The TRA-SignGD idealized baseline is cleverly designed: it "lends" the task representation basis to SignGD, proving Muon is equivalent to "aligned SignGD." This precisely attributes Muon's advantage to SVD's automatic alignment capability rather than general matrix optimization benefits.

Limitations & Future Work¶

The model is a single-matrix linear softmax lacking non-linearity, MLPs, or multi-head structures. The scaling laws strictly cover factual recall sub-tasks and cannot be directly extrapolated to token-level perplexity in generation.
Embeddings assume orthogonal equal norms (though authors claim this can be relaxed to near-orthogonal). Real pre-training token embeddings are not this clean, and power-law spectra are only first-order approximations of Zipf's law.
Practical Muon implementations include momentum (using Newton-Schulz iteration to estimate \(\mathrm{msgn}\)). This analysis removes momentum for purity, creating a gap with production Muon; the momentum-free version is equivalent to Spectral GD.
Future work: Extending the block-symmetric analysis to (i) layer-wise associative memory in multi-layer Transformers, (ii) expert routing frequencies in MoEs, and (iii) scaling laws under momentum and learning rate scheduling.

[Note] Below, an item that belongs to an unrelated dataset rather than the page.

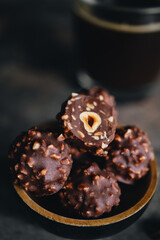 Handmade chocolate ferrero rocher in plate at dark background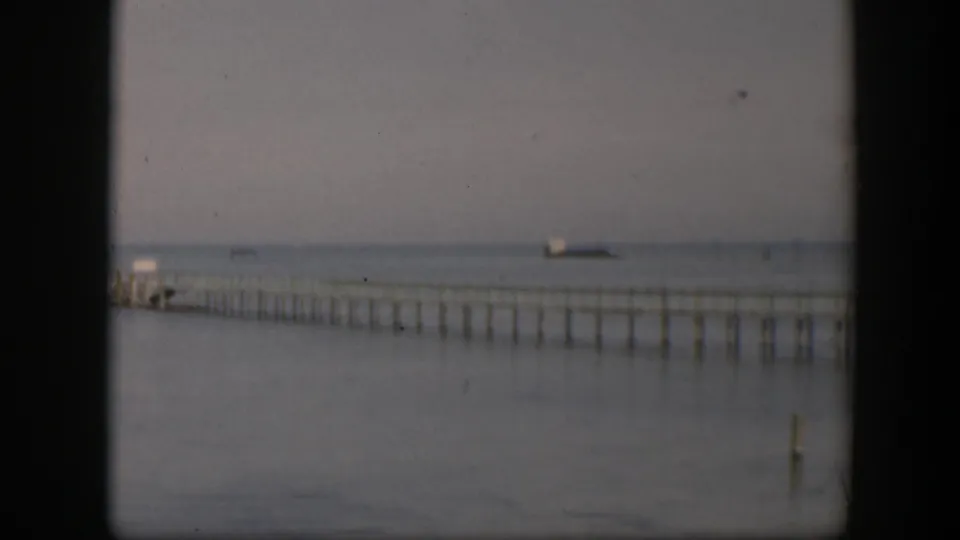 1951 Utah home-movie frame of a long pier over still water, with a small distant vessel-like shape near the hazy horizon.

vs. Bernstein & Newhouse 2024 / Li & Hong 2025 / Pethick et al. 2025: These provide worst-case stochastic convergence bounds for Muon. This paper provides problem-specific closed-form dynamics and scaling laws, quantitatively explaining the speedup factor.
vs. Wang et al. 2025b (heavy-tailed associative memory): That work was experimental, observing Muon's strength in tail classes. This paper proves it as an \(\Omega(C)\) speedup and provides the mechanism (implicit preconditioning).
vs. Kunstner & Bach 2025 / Kim et al. 2026 (SignSGD scaling law): Extends scaling analysis for SignGD-like methods from bigrams to associative memory, adding a critical distinction between \(\mathrm{msgn}\) and \(\mathrm{sgn}\) regarding the need for oracle alignment.
vs. Vasudeva et al. 2025 (Generalization of Muon in Gaussian mixture): That focus is generalization; this paper focuses on optimization dynamics and scaling, making them complementary.

Rating¶

Novelty: ⭐⭐⭐⭐⭐ First neural scaling law for Muon; reveals the "\(\mathrm{msgn}\approx \mathbf{I}_K\)" implicit alignment mechanism.
Experimental Thoroughness: ⭐⭐⭐ Primarily relies on synthetic data and small-scale LLaMA training; lacks large-scale ablations.
Writing Quality: ⭐⭐⭐⭐ Clear theorem layout; the preconditioning view section clarifies the intuition.
Value: ⭐⭐⭐⭐⭐ Provides a template for theoretical analysis of future spectral optimizers; formally supports the scaling benefits of Muon.